EWB has a cool way of asking “how are you doing?” that they call “head space, heart space, and body space”. Pretty self-explanatory, I think – head space if how you are doing intellectually/mentally, heart space is how you are doing emotionally, and body space, physically. I would write about all three, and may do so eventually, but today my “body space” is by far the most interesting.
Most notable currently is the burning sensation in my knees. It seems unlikely that my knees would be burnt, seeing as I don’t wear anything in Ghana that shows my knees. However, I went to farm with the ladies today, so rules that like don’t count, and I figured I would use the opportunity to tan more than just my lower leg.
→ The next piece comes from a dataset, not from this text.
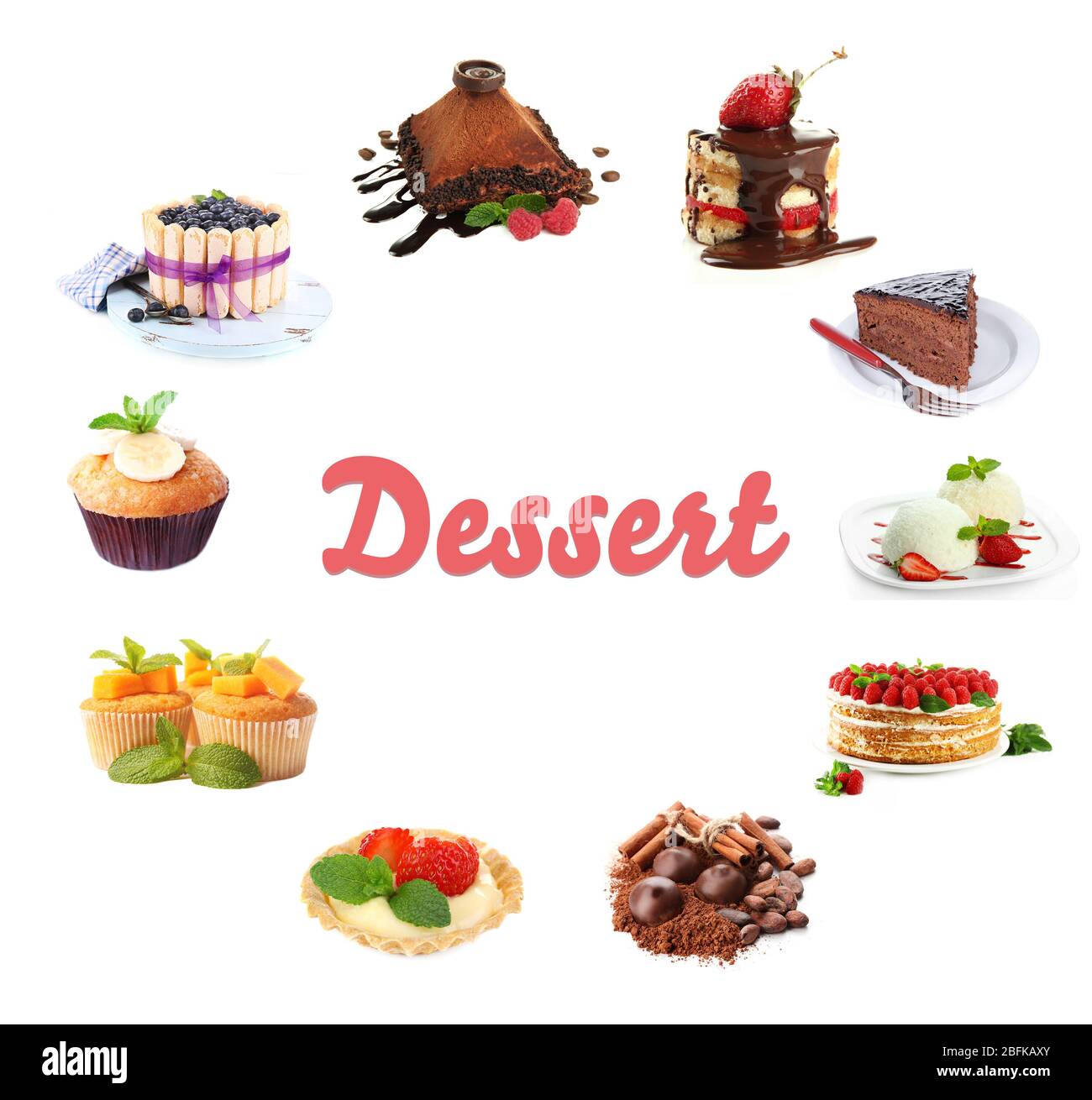Collage di dessert isolati su bianco Foto Stock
Result – burnt knees. Bad idea.
My legs are quite sore, but that is for a far better reason. Yesterday I had my first training run! I was up before 5am and in my running shoes by 5:30, running a total of 12km up and downhill. I am preparing for a half-marathon in October, the Run To End Poverty (happens with the Toronto Scotiabank marathon). But the point is, I am clearly out of shape and now my legs hurt.
I cannot fail to mention the taste in my mouth, which I think can count in “body space”. I kindly was given some fresh milk from a friend yesterday, which I forgot to drink until today. It was boiled just now to ensure it was safe, but somehow with having been boiled twice and left to sit for far too long, the milk curdled and turned sour. I still drank an unnecessary amount of it, leaving a bile-like taste in my mouth even now that I have brushed my teeth.
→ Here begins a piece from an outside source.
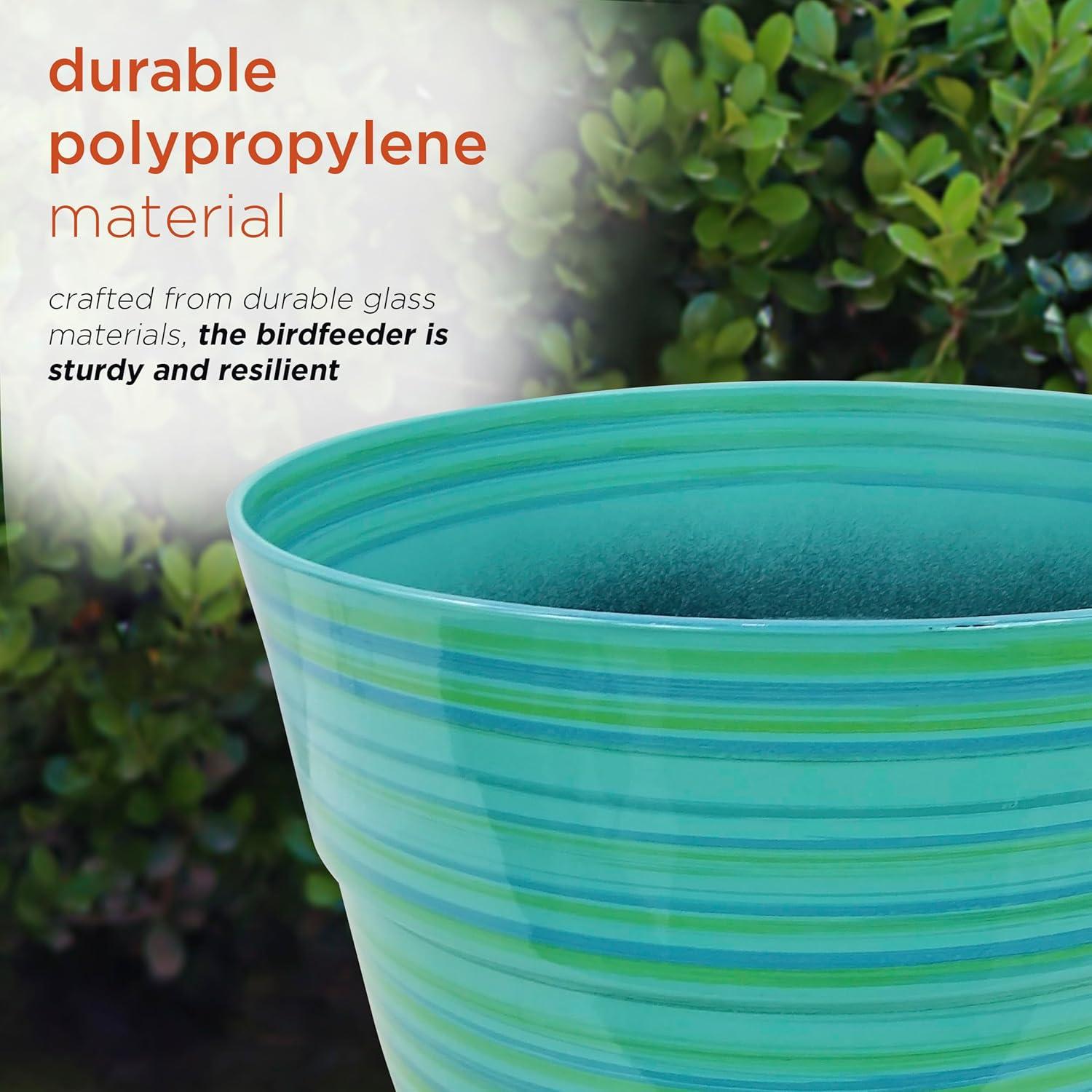 Alpine Corporation Glossy Striped Indoor Outdoor Planter with Drainage Hole Turquoise 13"x13"x11": Polypropylene, Freestanding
My arms are a little tired, maybe from having carried my laundry quite far yesterday. It hasn’t rained in over a week so we don’t have much water at home. Saadah decided to walk to the roadside and use the water flowing there, and I happily accompanied her. I am still not skilled at carrying things on my head, however, so carrying buckets with wet clothing is a struggle for my weak arms.
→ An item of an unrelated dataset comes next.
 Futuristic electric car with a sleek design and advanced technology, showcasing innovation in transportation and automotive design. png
My hair is wet because I just had my (3rd last! Ah!) bucket bath under the stars.
My skin is darker than it was this morning, and now you can tell which part is tan, whereas earlier I couldn’t be sure. Spending a day at farm leaves you coated in a layer of dirt.
I have been doing better about not itching my mosquito bites/picking my scabs, but even still there are scars or wounds spotting my arms and legs. (Mom, don’t worry, I’m still healthy).
My nose is pink and peeling a little bit.
My fingernails have some orange residue on them from when I painted my hands with zabla (think henna) at the wedding.
You may think that this sounds like a pitiful state of physical being, but it’s actually quite wonderful. It’s nice to feel physically exhausted and to use my body to do work. It’s humbling to know that little mosquitoes and rays of sun can overpower me. It’s great that I get orange nails and leg scars to serve as souvenirs when I get home. I know when I am showering with running water, using a laundry machine, and buying peanuts from the story rather than harvesting them myself, I will wish I was back in this body space.